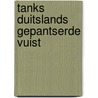 Tanks duitslands gepantserde vuist door Macksey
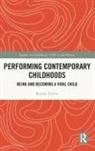 Bryoni Trezise, Bryoni (Unsw Trezise, Trezise Bryoni - Performing Contemporary Childhoods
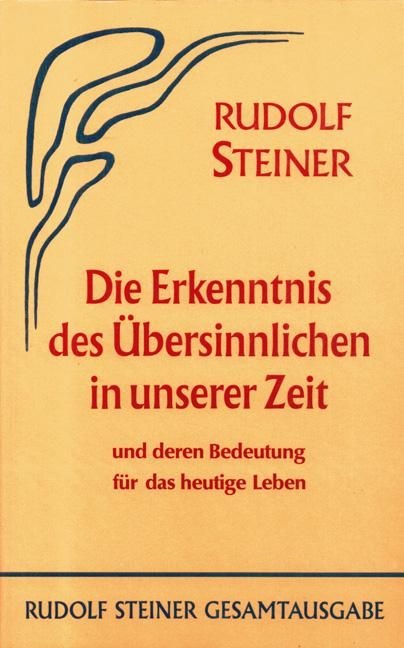 Rudolf Steiner, GA 55 Die Erkenntnis des Übersinnlichen in unserer Zeit und deren Bedeutung für das heutige Leben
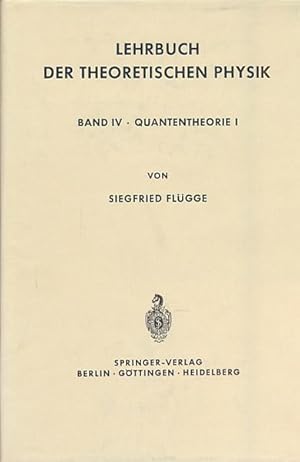 Lehrbuch der theoretischen Physik. Band IV: Quantentheorie I.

What you should do:
In the listing above, find the line with "Bryoni Trezise, Bryoni" and the line with "Rudolf Steiner, GA". Set down both and every line between them, minus the pictures.

Answer below:
 Bryoni Trezise, Bryoni (Unsw Trezise, Trezise Bryoni - Performing Contemporary Childhoods
 Rudolf Steiner, GA 55 Die Erkenntnis des Übersinnlichen in unserer Zeit und deren Bedeutung für das heutige Leben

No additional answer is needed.